After the whole world was amazed by the invention of James Watt, the widespread use of steam engines began. So, in 1802, the first ship for a couple appeared in England - the Charlotte Dundas boat. Its creator is William Symington. The boat was used as towing barges along the canal. The role of the mover on the ship was played by a paddle wheel mounted on the stern. The boat successfully passed the tests the first time: it towed two huge barges 18 miles in six hours. At the same time, the headwind greatly interfered with him. But he managed.
And yet they put it on hold, because they feared that due to the strong waves that were created under the paddle wheel, the banks of the canal would be washed out. By the way, the test of "Charlotte" was attended by a man whom the whole world today considers the creator of the first steamship.
in the world
An English shipbuilder from his youth dreamed of a ship with a steam engine. And now his dream has come true. After all, the invention of steam engines was a new impetus in shipbuilding. Together with the envoy from America, R. Livingston, who took over the material side of the issue, Fulton took up the project of a ship with a steam engine. It was a complex invention based on the idea of an oar mover. Along the sides of the ship stretched in a row plates imitating a lot of oars. At the same time, the plates now and then interfered with each other and broke. Today we can easily say that the same effect could be achieved with just three or four tiles. But from the standpoint of science and technology of that time, it was unrealistic to see this. Therefore, shipbuilders had a much harder time.
In 1803, Fulton's invention was introduced to the world. The steamer moved slowly and evenly along the Seine, striking the minds and imagination of many scientists and figures in Paris. However, the Napoleonic government rejected the project, and the disgruntled shipbuilders were forced to seek their fortune in America.

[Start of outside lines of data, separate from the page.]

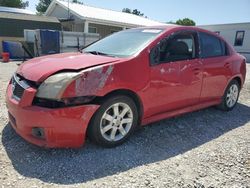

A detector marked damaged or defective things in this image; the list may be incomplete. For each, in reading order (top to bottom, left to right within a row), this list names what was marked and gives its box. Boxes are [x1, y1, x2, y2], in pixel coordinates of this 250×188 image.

crumpled hood [17, 51, 119, 82]
broken headlight [35, 71, 79, 99]
damaged red car [5, 25, 246, 148] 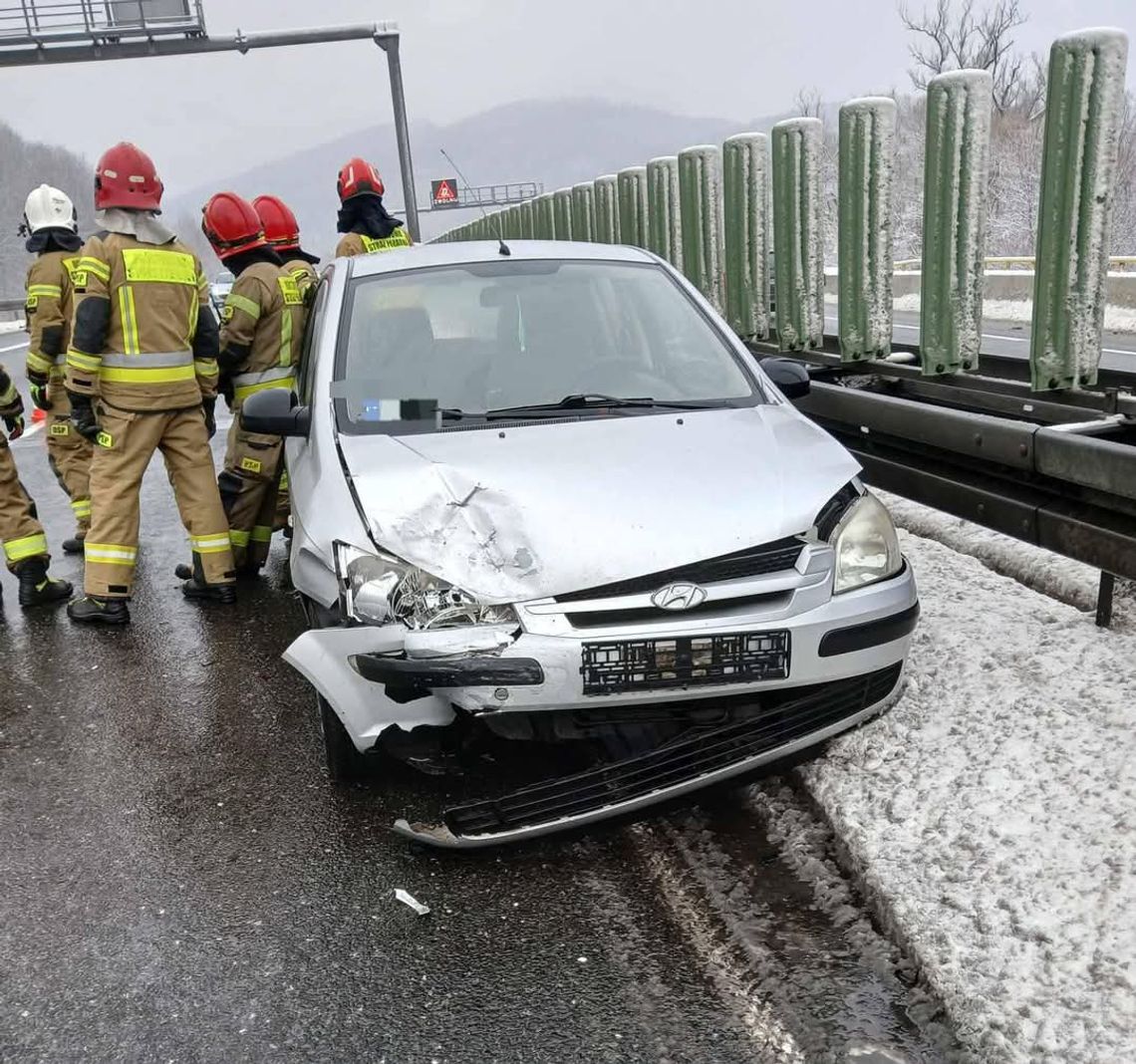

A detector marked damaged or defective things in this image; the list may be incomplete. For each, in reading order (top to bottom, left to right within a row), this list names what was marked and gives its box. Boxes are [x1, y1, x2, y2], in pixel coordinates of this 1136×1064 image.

broken headlight [331, 542, 520, 627]
damaged car [244, 238, 918, 845]
broken headlight [831, 492, 899, 595]
dented fender [281, 622, 454, 749]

And in August 1807, the world's first steamboat called the Claremont, in which the most powerful steam engine was involved (photo is presented), went along the Hudson Bay. Many then simply did not believe in success.
The Claremont went on its maiden voyage without cargo and without passengers. No one wanted to travel aboard a fire-breathing ship. But already on the way back, the first passenger appeared - a local farmer who paid six dollars for a ticket. He became the first passenger in the history of the shipping company. Fulton was so moved that he gave the daredevil a lifetime free ride on all of his inventions.